(Entries taken from a collection)
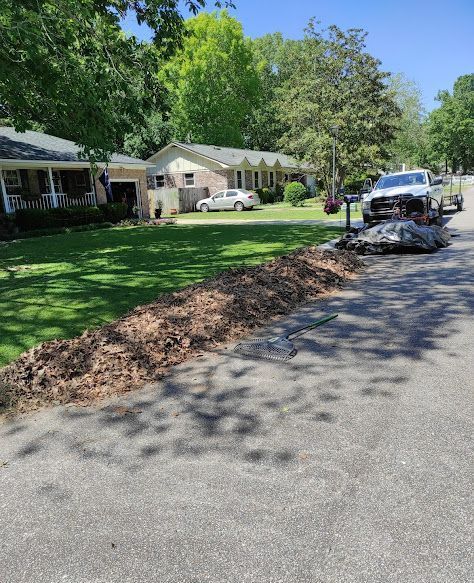 A truck is parked on the side of the road next to a house.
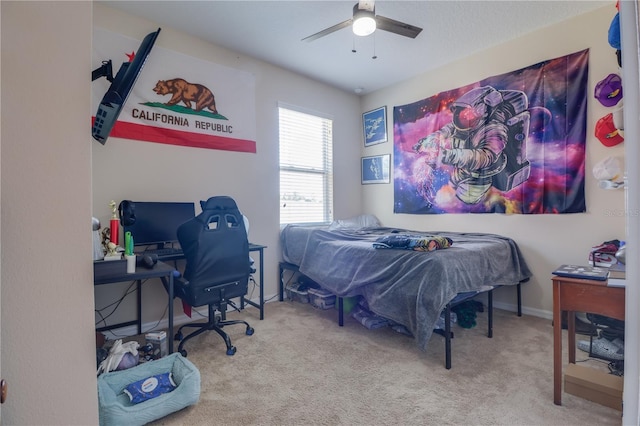 carpeted bedroom with a ceiling fan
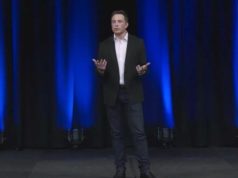 Elon Musk Returns to 24/7 Grind & Prioritizes X, xAI, Tesla,… Elon Musk presenting on stage.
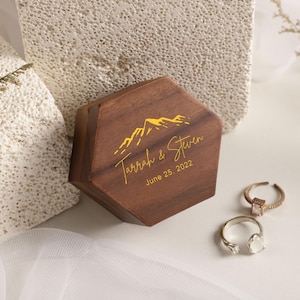 Könnte beinhalten: Eine sechseckige Holz-Ringbox mit goldener Berg-Grafik und dem Text "Tarrah & Steven June 25, 2022". Zwei Ringe mit Edelsteinen liegen neben der Box. Die Box ist braun und der Text ist goldfarben.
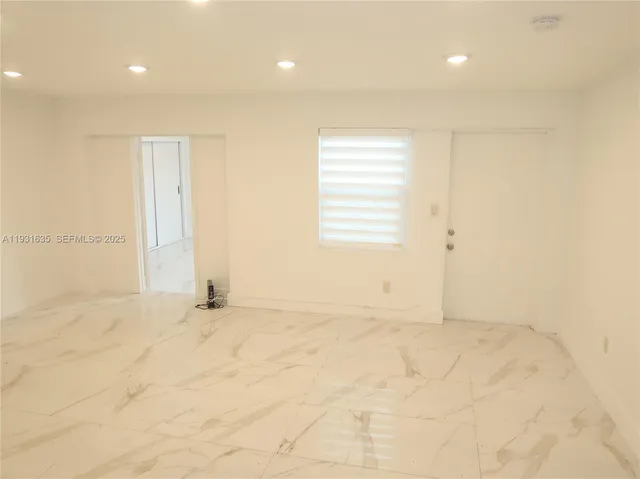 a view of an empty room with a window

- _Brief_:
Set every line of the records down again exactly, and exclude all pictures.

- _Exercise answer_:
 A truck is parked on the side of the road next to a house.
 carpeted bedroom with a ceiling fan
 Elon Musk Returns to 24/7 Grind & Prioritizes X, xAI, Tesla,… Elon Musk presenting on stage.
 Könnte beinhalten: Eine sechseckige Holz-Ringbox mit goldener Berg-Grafik und dem Text "Tarrah & Steven June 25, 2022". Zwei Ringe mit Edelsteinen liegen neben der Box. Die Box ist braun und der Text ist goldfarben.
 a view of an empty room with a window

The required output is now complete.